You’ll also notice that the map module we have defined takes in a Block object as a parameter,which allows us to extract data from the block that is being processed by our Substreams package. We define this module we have created in our substreams.yaml manifest file, as well as any subsquent modules we create.

modules:
  - name: map_pools_created
    kind: map
    initialBlock: 12369621
    inputs:
      - source: sf.ethereum.type.v2.Block
    output:
      type: proto:contract.v1.Pools

Event & Data Extraction

Typically map modules are used for extracting events from blocks. In our case, we would like to extract data relating to the PoolCreated event from the Uniswap V3 Factory contract, and create a Pool object for each of these events emitted within the block.

#[substreams::handlers::map]
fn map_pools_created(blk: eth::Block) -> Result<Pools, substreams::errors::Error> {
    Ok(Pools {
        pools: blk
            .events::<PoolCreated>(&[&UNISWAP_V3_FACTORY])
            .map(|(event, log)| Pool {
                address: Hex::encode(event.pool),
                token0: Hex::encode(event.token0),
                token1: Hex::encode(event.token1),
                created_at_tx_hash: Hex(&log.receipt.transaction.hash).to_string(),
                created_at_block_number: blk.number,
                created_at_timestamp: blk.timestamp_seconds(),
                log_ordinal: log.ordinal(),
 
            })
            .collect(),
    })
}

The Block object we have defined as an input to our module contains a helper function called eventsthat allows us to extract sepcific events from the block. The event is specified using the turbofish syntax ::<PoolCreated>, and the &[&UNISWAP_V3_FACTORY] parameter specifies that we want to extract events from the Uniswap V3 Factory contract. From here we can use the map function on the iterator that events returns to create our Pool objects.

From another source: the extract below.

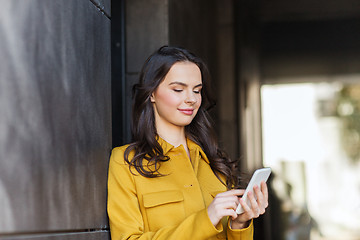 Image showing smiling young woman or girl texting on smartphone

Often, the events emitted from a contract do not provide enough data for us to build up a meaningful object. Fortunately Substreams provides us with a heap of data related to the event and the block we are processing. In this case, we can use the log object associated with the event to extract the transaction hash that emitted the event, the log ordinal (more on these later), the block number from the Block parameter, and the timestamp of the block.

Stores

store module are used for stateful transformations, allowing data persistence across blocks. Let’s extend out our example by building a store module which will keep a count of all the Uniswap pools created across all blocks.

Signature & Manifest

store modules are defined using the #[substreams::handlers::store] attribute and interact with a stateful store of a specific data type. Like map modules, these modules have protobuf inputs that can be the built-in Firehose provisioned types such as Block or Clock, or custom protobuf messages defined in your projects proto folder, such as Pools. The store module also takes an input parameter for the key-value store we will be writing to.

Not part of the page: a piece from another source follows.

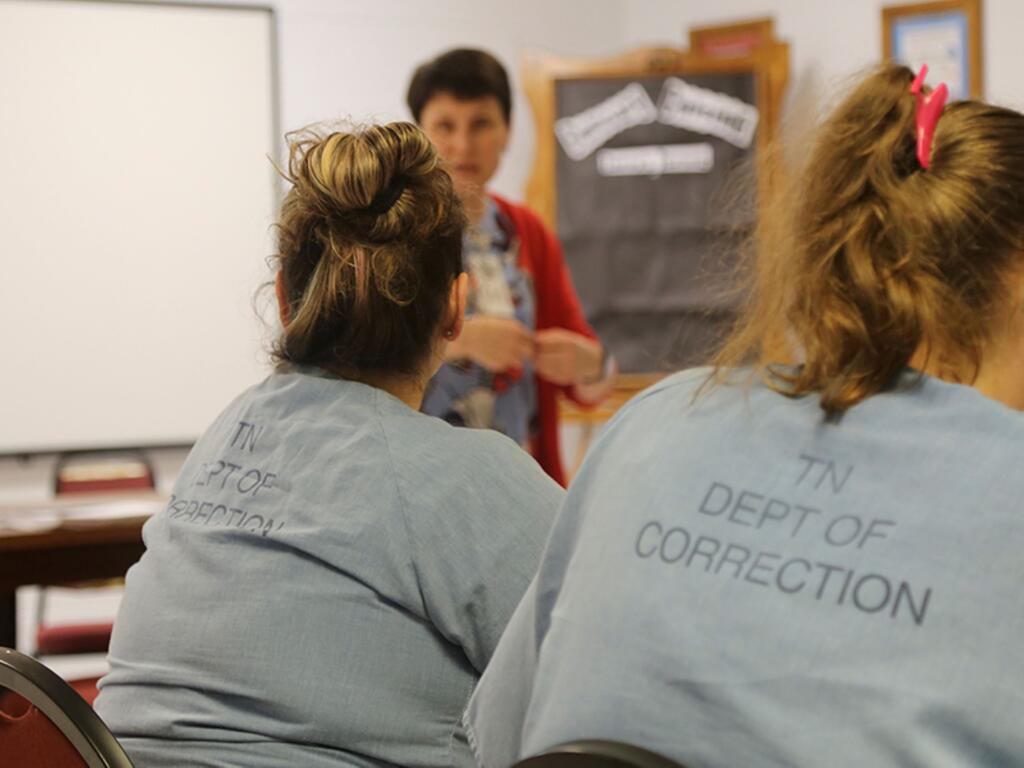 image of students listening to teacher in a classroom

#[substreams::handlers::store]
pub fn store_pool_count(pools: Pools, store: StoreAddInt64) {
    ...
}

The module, like all other modules in a Substreams package, needs to be defined in the substreams.yaml manifest file.

- name: store_pool_count
  kind: store
  updatePolicy: add
  valueType: int64
  inputs:
    - map: map_pools_created

Update Policies & Value Types

The valueType property defined in our manifest file for the store module sets the type of data that the module will store. In our case, we want to store the number of pools created in a block, so we set the value type to int64.

The updatePolicy property defines how the module will update the store. In our case, we want to sum up all the pools created, so we set the update policy to add.

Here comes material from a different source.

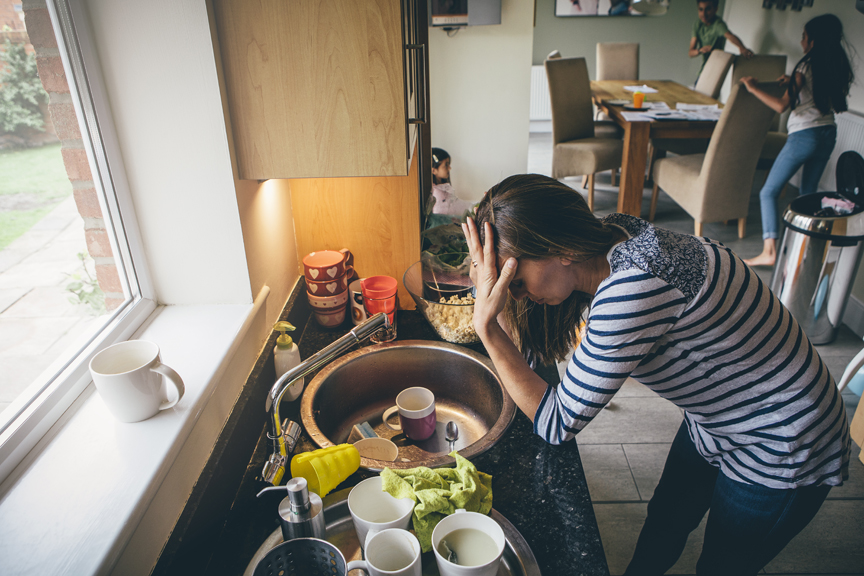 Mother frustrated in kitchen setting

The combination of the valueType and updatePolicy informs Substreams what type of data can be saved to the store, as well as what operations can be performed on it.

#[substreams::handlers::store]
pub fn store_pool_count(pools: Pools, store: StoreAddInt64) {
    for pool in pools.pools {
        store.add(pool.log_ordinal, "pools_count", 1)
    }
}

Given that the module definitions valueType is of int64 and the updatePolicy is add, the rust modules store parameter is of type StoreAddInt64.

A comprehensive list of all the available update policies and value types can be found in the Streaming Fast Important - Store Types Documentation.

Let’s consider another example where we store detailed information about each created pool using a different update policy and type.

#[substreams::handlers::store]
fn store_pools_created(pools: Pools, store: StoreSetProto<Pool>) {
    for pool in pools.pools {
        store.set(pool.log_ordinal, format!("pool:{}", &pool.address), &pool)
    }
}

This module is defined in the substreams.yaml manifest file as follows:

- name: store_pools_created
  kind: store
  updatePolicy: set
  valueType: proto:contract.types.v1.Pools
  inputs:
    - map: map_pools_created

Here, the updatePolicy is set to set, which means each new Pool object will replace the previous value associated with the same key. The valueType is a custom Protobuf type Pool. This allows subsequents modules to extract pool specific data from the store. An alternative to this updatePolicy would be utilizing set_if_not_exists, which would only store the new value if the key does not already exist in the store.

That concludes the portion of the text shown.